*What is being asked*. Below are the records. Retype exactly the lines between the lines holding "If you've already" and "How many T's?", inclusive.

-------

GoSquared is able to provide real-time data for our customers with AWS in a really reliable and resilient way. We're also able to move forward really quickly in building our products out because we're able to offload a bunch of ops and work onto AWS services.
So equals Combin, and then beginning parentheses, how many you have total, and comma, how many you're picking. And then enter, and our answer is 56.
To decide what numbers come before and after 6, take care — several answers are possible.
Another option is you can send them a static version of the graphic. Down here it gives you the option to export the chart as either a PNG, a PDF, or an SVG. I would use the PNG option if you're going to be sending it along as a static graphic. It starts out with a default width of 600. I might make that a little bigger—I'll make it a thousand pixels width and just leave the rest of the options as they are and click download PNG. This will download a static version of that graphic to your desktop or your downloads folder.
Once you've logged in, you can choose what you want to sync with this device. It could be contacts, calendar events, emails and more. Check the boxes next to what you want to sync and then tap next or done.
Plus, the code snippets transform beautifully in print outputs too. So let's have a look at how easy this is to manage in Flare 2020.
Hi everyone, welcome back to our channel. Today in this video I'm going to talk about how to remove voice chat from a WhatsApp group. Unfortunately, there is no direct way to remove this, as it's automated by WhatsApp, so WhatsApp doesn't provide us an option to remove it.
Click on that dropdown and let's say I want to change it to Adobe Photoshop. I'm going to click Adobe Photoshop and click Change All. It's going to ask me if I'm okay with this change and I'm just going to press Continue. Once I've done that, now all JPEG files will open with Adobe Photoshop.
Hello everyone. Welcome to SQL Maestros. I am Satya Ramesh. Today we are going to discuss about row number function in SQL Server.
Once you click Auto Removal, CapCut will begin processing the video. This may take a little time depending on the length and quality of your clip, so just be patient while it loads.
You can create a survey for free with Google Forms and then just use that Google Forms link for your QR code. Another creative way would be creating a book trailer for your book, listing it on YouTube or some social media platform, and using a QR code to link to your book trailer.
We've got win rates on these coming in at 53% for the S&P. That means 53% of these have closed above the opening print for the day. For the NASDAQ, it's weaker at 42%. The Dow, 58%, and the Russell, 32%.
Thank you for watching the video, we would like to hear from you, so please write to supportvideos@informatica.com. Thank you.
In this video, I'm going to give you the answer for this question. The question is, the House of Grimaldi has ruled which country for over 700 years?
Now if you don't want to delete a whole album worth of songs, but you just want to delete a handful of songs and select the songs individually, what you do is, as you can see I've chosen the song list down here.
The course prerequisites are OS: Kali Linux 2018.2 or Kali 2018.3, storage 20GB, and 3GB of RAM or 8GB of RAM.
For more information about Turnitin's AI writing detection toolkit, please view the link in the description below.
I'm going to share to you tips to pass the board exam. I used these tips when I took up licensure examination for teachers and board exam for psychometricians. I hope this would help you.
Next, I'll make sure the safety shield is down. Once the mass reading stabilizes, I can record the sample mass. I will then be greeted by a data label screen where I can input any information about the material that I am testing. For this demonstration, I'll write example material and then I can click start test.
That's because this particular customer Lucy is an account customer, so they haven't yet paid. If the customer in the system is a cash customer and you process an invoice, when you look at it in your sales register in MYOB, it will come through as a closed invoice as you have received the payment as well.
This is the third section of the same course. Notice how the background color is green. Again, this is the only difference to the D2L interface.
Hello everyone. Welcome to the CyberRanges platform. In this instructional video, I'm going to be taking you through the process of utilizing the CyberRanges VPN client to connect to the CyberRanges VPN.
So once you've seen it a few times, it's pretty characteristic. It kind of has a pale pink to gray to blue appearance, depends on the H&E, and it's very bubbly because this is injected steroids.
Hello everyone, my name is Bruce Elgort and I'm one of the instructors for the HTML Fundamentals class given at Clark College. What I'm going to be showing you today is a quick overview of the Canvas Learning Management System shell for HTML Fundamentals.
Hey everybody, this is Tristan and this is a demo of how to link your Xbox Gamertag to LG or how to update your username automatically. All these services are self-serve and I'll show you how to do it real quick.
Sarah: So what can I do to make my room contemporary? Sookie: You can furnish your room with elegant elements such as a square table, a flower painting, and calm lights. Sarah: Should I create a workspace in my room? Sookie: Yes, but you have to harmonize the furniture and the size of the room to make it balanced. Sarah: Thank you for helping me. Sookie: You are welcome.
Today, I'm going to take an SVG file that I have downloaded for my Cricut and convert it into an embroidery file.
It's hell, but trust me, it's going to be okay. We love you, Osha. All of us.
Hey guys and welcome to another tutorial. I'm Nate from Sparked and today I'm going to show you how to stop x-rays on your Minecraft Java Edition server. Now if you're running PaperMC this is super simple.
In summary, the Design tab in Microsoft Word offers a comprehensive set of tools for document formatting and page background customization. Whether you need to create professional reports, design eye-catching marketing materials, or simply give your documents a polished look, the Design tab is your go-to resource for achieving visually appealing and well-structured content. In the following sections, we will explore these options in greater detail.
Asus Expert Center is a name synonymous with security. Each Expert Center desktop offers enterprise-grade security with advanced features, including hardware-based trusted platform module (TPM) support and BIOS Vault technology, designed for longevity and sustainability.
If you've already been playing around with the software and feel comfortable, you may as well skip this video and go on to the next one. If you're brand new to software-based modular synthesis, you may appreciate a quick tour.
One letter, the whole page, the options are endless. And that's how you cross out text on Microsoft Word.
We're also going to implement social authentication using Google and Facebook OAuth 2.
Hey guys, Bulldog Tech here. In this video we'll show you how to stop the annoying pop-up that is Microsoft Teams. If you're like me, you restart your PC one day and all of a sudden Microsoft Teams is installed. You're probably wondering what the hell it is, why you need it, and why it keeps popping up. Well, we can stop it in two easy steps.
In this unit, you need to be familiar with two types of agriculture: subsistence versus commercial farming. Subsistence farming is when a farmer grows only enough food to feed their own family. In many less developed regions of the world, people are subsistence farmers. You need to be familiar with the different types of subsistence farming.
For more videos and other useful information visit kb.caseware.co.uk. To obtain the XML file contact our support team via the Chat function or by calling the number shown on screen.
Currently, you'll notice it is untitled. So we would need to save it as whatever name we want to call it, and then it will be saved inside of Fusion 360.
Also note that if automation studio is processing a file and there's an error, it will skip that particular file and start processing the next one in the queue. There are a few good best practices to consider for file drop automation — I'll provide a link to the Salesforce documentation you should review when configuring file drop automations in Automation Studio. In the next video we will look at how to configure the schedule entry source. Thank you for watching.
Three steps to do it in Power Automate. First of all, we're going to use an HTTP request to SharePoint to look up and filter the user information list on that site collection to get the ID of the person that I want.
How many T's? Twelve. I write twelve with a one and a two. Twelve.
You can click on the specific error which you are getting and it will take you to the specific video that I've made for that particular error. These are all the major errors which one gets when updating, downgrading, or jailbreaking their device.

-------

*Answer for the task*.
If you've already been playing around with the software and feel comfortable, you may as well skip this video and go on to the next one. If you're brand new to software-based modular synthesis, you may appreciate a quick tour.
One letter, the whole page, the options are endless. And that's how you cross out text on Microsoft Word.
We're also going to implement social authentication using Google and Facebook OAuth 2.
Hey guys, Bulldog Tech here. In this video we'll show you how to stop the annoying pop-up that is Microsoft Teams. If you're like me, you restart your PC one day and all of a sudden Microsoft Teams is installed. You're probably wondering what the hell it is, why you need it, and why it keeps popping up. Well, we can stop it in two easy steps.
In this unit, you need to be familiar with two types of agriculture: subsistence versus commercial farming. Subsistence farming is when a farmer grows only enough food to feed their own family. In many less developed regions of the world, people are subsistence farmers. You need to be familiar with the different types of subsistence farming.
For more videos and other useful information visit kb.caseware.co.uk. To obtain the XML file contact our support team via the Chat function or by calling the number shown on screen.
Currently, you'll notice it is untitled. So we would need to save it as whatever name we want to call it, and then it will be saved inside of Fusion 360.
Also note that if automation studio is processing a file and there's an error, it will skip that particular file and start processing the next one in the queue. There are a few good best practices to consider for file drop automation — I'll provide a link to the Salesforce documentation you should review when configuring file drop automations in Automation Studio. In the next video we will look at how to configure the schedule entry source. Thank you for watching.
Three steps to do it in Power Automate. First of all, we're going to use an HTTP request to SharePoint to look up and filter the user information list on that site collection to get the ID of the person that I want.
How many T's? Twelve. I write twelve with a one and a two. Twelve.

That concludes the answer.